J'ai eu une belle surprise à ma sortie. Megan était venue me chercher. C'était tellement bon de la revoir saine et sauve ! Seulement, quand on s'est trouvés tous les deux, elle m'a annoncé qu'elle voulait rompre. J'ai insisté, encore et encore, mais elle a prononcé les mots « relation de transition » et le monde s'est écroulé.
Alors comme ça, je n'avais jamais vraiment compté pour elle. Ses « je t'aime » et ses petites attentions, c'était juste le moyen qu'elle avait trouvé pour se consoler quand elle s'était elle-même fait larguer. Je n'avais rien été pour elle qu'un kleenex avec lequel on s'essuie les yeux avant de le jeter ! Sur le moment, j'ai refusé d'y croire et j'ai espéré pouvoir la faire changer d'avis. Pas moyen. Par la barbe de Neptune, comment avais-je pu faire confiance à une fille pareille ?
Dès que possible, je suis allé m'enfermer dans la salle de bains, j'ai rempli la baignoire à ras bord et j'ai pleuré comme un bébé sous l'eau pendant toute la nuit. Je sais, c'est nul de pleurer comme ça mais sur le coup, je ne pouvais pas m'en empêcher. Je me sentais nul, mais nul ! Le pire, c'était de savoir qu'elle s'était servie de moi alors que moi, j'étais vraiment amoureux d'elle. Cette nuit-là, j'ai touché le fond.
Le lendemain et à ma grande surprise, le petit Garfield m'a demandé de jouer aux jeux vidéo avec lui. Ça sentait tellement fort la combine pour me remonter le moral de la part de Megan que j'ai dit non en m'énervant un peu. Je me suis isolé, j'ai essayé de me calmer. Et puis, j'ai repensé à Jaali. Elle était gentille et elle s'intéressait à moi, alors pourquoi ne pas me tourner vers elle ? Qu'est-ce que j'avais à perdre ?
J'ai vraiment failli partir pour la retrouver mais je me suis retenu juste à temps. D'accord, je n'avais rien à perdre en invitant Jaali à sortir mais pour le moment, il valait mieux m'abstenir, pour son bien à elle. Sortir avec elle pour me consoler de ma rupture signifierait jouer avec ses sentiments et ça, ce serait moche. Je sais mieux que personne ce qu'on ressent quand on sert de kleenex émotionnel. Je suis donc resté à la surface et j'ai gardé mes distances avec Megan.

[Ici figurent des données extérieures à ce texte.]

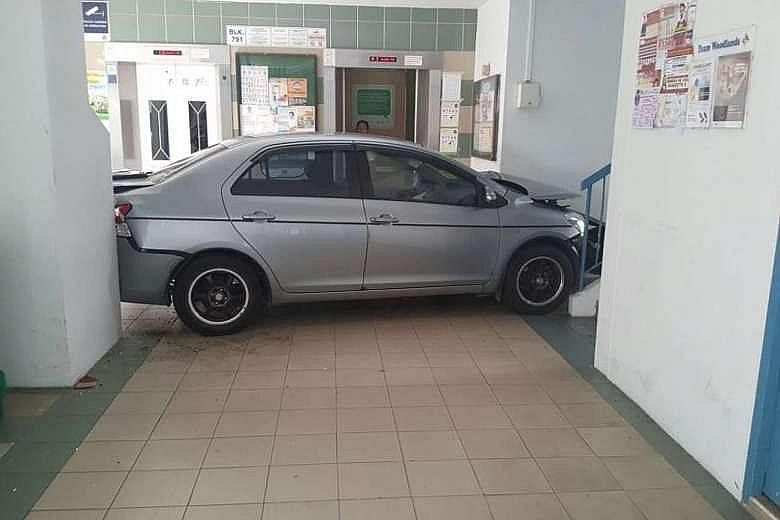 A car crashed into the void deck of a Housing Board block in Woodlands yesterday afternoon. The silver sedan was wedged between a stairwell and a wall in front of the lift lobby at Block 791, Woodlands Avenue 6. The Singapore Civil Defence Force (SCD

On a continué à travailler ensemble et je me suis remis à sympathiser avec Garfield. J'ai fini par comprendre qu'il ne m'avait jamais détesté, qu'il trouvait juste flippant que sa sœur ait changé de petit copain du jour au lendemain. De toute façon, célibataire ou pas, je ne me vois pas quitter l'équipe puisque j'adore être un super-héros. Et puis, il y a une nouvelle qui m'a remonté le moral : lors d'un de nos combats les plus récents, Aqualad m'a dit qu'il m'a toujours fait confiance. Ça a peut-être l'air insignifiant mais de la part de quelqu'un qui était mon héros quand j'étais plus jeune, cela représente énormément. Dans le fond, je crois que tout le monde a besoin d'être apprécié.
J'ai gardé le numéro de Jaali. Je ne sais pas si je la recontacterai un jour. Peut-être que plus tard, quand mon cœur sera guéri, j'irai la voir et j'essaierai de la connaître un peu mieux. Elle avait l'air gentil, après tout. On ne sait pas ce qui peut se passer.
Dans la vie, on ne sait jamais ce qui pourrait se passer.